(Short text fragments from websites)
============

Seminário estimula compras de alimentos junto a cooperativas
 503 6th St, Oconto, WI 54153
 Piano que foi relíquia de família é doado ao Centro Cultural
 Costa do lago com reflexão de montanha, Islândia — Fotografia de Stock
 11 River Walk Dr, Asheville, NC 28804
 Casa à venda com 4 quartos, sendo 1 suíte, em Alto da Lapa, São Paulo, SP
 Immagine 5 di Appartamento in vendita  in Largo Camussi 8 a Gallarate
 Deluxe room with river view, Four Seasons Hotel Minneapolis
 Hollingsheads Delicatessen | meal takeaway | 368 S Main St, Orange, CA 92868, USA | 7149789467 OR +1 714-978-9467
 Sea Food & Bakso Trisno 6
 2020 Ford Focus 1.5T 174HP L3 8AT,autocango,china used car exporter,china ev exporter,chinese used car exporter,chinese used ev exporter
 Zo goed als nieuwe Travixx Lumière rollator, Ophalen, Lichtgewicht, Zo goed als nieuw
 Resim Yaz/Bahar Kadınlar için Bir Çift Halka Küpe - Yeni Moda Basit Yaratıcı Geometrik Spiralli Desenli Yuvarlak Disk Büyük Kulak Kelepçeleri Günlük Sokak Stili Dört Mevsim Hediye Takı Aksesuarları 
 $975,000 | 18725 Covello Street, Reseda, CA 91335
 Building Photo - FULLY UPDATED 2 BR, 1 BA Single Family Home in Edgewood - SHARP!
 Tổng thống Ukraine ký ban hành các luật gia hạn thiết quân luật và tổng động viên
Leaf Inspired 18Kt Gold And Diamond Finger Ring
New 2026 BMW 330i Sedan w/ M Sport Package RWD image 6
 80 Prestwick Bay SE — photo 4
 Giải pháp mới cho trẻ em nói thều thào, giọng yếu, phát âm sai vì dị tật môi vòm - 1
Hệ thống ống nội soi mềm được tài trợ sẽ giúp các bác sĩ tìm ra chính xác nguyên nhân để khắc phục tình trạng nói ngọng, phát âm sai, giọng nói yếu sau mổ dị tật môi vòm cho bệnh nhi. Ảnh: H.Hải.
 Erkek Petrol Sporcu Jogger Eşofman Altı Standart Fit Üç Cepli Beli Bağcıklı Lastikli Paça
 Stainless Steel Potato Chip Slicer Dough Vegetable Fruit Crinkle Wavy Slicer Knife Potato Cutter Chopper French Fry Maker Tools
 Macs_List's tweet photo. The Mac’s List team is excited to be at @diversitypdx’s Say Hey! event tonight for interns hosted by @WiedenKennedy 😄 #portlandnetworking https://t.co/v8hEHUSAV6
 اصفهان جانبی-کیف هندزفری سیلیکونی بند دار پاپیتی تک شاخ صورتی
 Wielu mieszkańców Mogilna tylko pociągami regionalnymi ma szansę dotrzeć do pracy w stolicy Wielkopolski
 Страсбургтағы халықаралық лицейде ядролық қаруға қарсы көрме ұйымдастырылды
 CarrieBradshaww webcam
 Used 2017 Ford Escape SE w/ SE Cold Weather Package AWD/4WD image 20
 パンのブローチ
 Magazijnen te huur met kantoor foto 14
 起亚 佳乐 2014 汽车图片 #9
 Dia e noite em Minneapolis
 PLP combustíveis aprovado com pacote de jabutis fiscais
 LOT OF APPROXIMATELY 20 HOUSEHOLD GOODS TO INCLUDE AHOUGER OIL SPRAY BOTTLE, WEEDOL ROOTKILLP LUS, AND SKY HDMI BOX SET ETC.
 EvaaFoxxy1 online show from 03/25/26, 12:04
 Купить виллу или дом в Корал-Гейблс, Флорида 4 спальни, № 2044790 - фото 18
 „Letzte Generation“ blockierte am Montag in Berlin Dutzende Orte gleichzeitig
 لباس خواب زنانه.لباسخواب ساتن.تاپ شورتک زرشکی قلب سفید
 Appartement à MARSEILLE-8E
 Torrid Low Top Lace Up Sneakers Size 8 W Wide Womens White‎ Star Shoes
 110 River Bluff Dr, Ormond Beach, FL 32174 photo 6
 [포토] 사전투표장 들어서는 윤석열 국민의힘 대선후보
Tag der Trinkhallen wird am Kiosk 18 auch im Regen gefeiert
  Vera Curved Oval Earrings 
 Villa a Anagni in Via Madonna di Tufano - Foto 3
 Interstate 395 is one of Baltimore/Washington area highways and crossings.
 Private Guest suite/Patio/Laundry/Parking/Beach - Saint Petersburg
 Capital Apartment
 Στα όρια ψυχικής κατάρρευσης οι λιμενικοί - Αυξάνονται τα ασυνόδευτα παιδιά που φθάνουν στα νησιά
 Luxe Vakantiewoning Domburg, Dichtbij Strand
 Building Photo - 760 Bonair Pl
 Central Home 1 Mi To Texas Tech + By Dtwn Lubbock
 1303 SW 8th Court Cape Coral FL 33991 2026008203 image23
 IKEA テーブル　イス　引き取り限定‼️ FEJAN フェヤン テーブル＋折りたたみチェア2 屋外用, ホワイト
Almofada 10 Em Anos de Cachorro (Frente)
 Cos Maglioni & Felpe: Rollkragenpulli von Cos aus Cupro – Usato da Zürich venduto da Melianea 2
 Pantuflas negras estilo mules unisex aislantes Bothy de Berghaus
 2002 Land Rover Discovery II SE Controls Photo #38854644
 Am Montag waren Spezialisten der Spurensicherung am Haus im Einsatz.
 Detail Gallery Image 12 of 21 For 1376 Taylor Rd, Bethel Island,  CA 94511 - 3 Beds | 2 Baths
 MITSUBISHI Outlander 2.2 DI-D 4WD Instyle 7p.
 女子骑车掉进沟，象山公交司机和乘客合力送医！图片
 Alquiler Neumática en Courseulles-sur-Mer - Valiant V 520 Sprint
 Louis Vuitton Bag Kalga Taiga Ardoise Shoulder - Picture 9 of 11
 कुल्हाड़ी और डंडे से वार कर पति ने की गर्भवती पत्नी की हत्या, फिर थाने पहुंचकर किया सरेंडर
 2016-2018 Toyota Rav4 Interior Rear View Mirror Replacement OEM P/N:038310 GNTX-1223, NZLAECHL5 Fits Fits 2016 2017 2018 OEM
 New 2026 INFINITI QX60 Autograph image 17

============

Nothing may be left out. Retype all the entries exactly.

- _Answer_
Seminário estimula compras de alimentos junto a cooperativas
 503 6th St, Oconto, WI 54153
 Piano que foi relíquia de família é doado ao Centro Cultural
 Costa do lago com reflexão de montanha, Islândia — Fotografia de Stock
 11 River Walk Dr, Asheville, NC 28804
 Casa à venda com 4 quartos, sendo 1 suíte, em Alto da Lapa, São Paulo, SP
 Immagine 5 di Appartamento in vendita  in Largo Camussi 8 a Gallarate
 Deluxe room with river view, Four Seasons Hotel Minneapolis
 Hollingsheads Delicatessen | meal takeaway | 368 S Main St, Orange, CA 92868, USA | 7149789467 OR +1 714-978-9467
 Sea Food & Bakso Trisno 6
 2020 Ford Focus 1.5T 174HP L3 8AT,autocango,china used car exporter,china ev exporter,chinese used car exporter,chinese used ev exporter
 Zo goed als nieuwe Travixx Lumière rollator, Ophalen, Lichtgewicht, Zo goed als nieuw
 Resim Yaz/Bahar Kadınlar için Bir Çift Halka Küpe - Yeni Moda Basit Yaratıcı Geometrik Spiralli Desenli Yuvarlak Disk Büyük Kulak Kelepçeleri Günlük Sokak Stili Dört Mevsim Hediye Takı Aksesuarları 
 $975,000 | 18725 Covello Street, Reseda, CA 91335
 Building Photo - FULLY UPDATED 2 BR, 1 BA Single Family Home in Edgewood - SHARP!
 Tổng thống Ukraine ký ban hành các luật gia hạn thiết quân luật và tổng động viên
Leaf Inspired 18Kt Gold And Diamond Finger Ring
New 2026 BMW 330i Sedan w/ M Sport Package RWD image 6
 80 Prestwick Bay SE — photo 4
 Giải pháp mới cho trẻ em nói thều thào, giọng yếu, phát âm sai vì dị tật môi vòm - 1
Hệ thống ống nội soi mềm được tài trợ sẽ giúp các bác sĩ tìm ra chính xác nguyên nhân để khắc phục tình trạng nói ngọng, phát âm sai, giọng nói yếu sau mổ dị tật môi vòm cho bệnh nhi. Ảnh: H.Hải.
 Erkek Petrol Sporcu Jogger Eşofman Altı Standart Fit Üç Cepli Beli Bağcıklı Lastikli Paça
 Stainless Steel Potato Chip Slicer Dough Vegetable Fruit Crinkle Wavy Slicer Knife Potato Cutter Chopper French Fry Maker Tools
 Macs_List's tweet photo. The Mac’s List team is excited to be at @diversitypdx’s Say Hey! event tonight for interns hosted by @WiedenKennedy 😄 #portlandnetworking https://t.co/v8hEHUSAV6
 اصفهان جانبی-کیف هندزفری سیلیکونی بند دار پاپیتی تک شاخ صورتی
 Wielu mieszkańców Mogilna tylko pociągami regionalnymi ma szansę dotrzeć do pracy w stolicy Wielkopolski
 Страсбургтағы халықаралық лицейде ядролық қаруға қарсы көрме ұйымдастырылды
 CarrieBradshaww webcam
 Used 2017 Ford Escape SE w/ SE Cold Weather Package AWD/4WD image 20
 パンのブローチ
 Magazijnen te huur met kantoor foto 14
 起亚 佳乐 2014 汽车图片 #9
 Dia e noite em Minneapolis
 PLP combustíveis aprovado com pacote de jabutis fiscais
 LOT OF APPROXIMATELY 20 HOUSEHOLD GOODS TO INCLUDE AHOUGER OIL SPRAY BOTTLE, WEEDOL ROOTKILLP LUS, AND SKY HDMI BOX SET ETC.
 EvaaFoxxy1 online show from 03/25/26, 12:04
 Купить виллу или дом в Корал-Гейблс, Флорида 4 спальни, № 2044790 - фото 18
 „Letzte Generation“ blockierte am Montag in Berlin Dutzende Orte gleichzeitig
 لباس خواب زنانه.لباسخواب ساتن.تاپ شورتک زرشکی قلب سفید
 Appartement à MARSEILLE-8E
 Torrid Low Top Lace Up Sneakers Size 8 W Wide Womens White‎ Star Shoes
 110 River Bluff Dr, Ormond Beach, FL 32174 photo 6
 [포토] 사전투표장 들어서는 윤석열 국민의힘 대선후보
Tag der Trinkhallen wird am Kiosk 18 auch im Regen gefeiert
  Vera Curved Oval Earrings 
 Villa a Anagni in Via Madonna di Tufano - Foto 3
 Interstate 395 is one of Baltimore/Washington area highways and crossings.
 Private Guest suite/Patio/Laundry/Parking/Beach - Saint Petersburg
 Capital Apartment
 Στα όρια ψυχικής κατάρρευσης οι λιμενικοί - Αυξάνονται τα ασυνόδευτα παιδιά που φθάνουν στα νησιά
 Luxe Vakantiewoning Domburg, Dichtbij Strand
 Building Photo - 760 Bonair Pl
 Central Home 1 Mi To Texas Tech + By Dtwn Lubbock
 1303 SW 8th Court Cape Coral FL 33991 2026008203 image23
 IKEA テーブル　イス　引き取り限定‼️ FEJAN フェヤン テーブル＋折りたたみチェア2 屋外用, ホワイト
Almofada 10 Em Anos de Cachorro (Frente)
 Cos Maglioni & Felpe: Rollkragenpulli von Cos aus Cupro – Usato da Zürich venduto da Melianea 2
 Pantuflas negras estilo mules unisex aislantes Bothy de Berghaus
 2002 Land Rover Discovery II SE Controls Photo #38854644
 Am Montag waren Spezialisten der Spurensicherung am Haus im Einsatz.
 Detail Gallery Image 12 of 21 For 1376 Taylor Rd, Bethel Island,  CA 94511 - 3 Beds | 2 Baths
 MITSUBISHI Outlander 2.2 DI-D 4WD Instyle 7p.
 女子骑车掉进沟，象山公交司机和乘客合力送医！图片
 Alquiler Neumática en Courseulles-sur-Mer - Valiant V 520 Sprint
 Louis Vuitton Bag Kalga Taiga Ardoise Shoulder - Picture 9 of 11
 कुल्हाड़ी और डंडे से वार कर पति ने की गर्भवती पत्नी की हत्या, फिर थाने पहुंचकर किया सरेंडर
 2016-2018 Toyota Rav4 Interior Rear View Mirror Replacement OEM P/N:038310 GNTX-1223, NZLAECHL5 Fits Fits 2016 2017 2018 OEM
 New 2026 INFINITI QX60 Autograph image 17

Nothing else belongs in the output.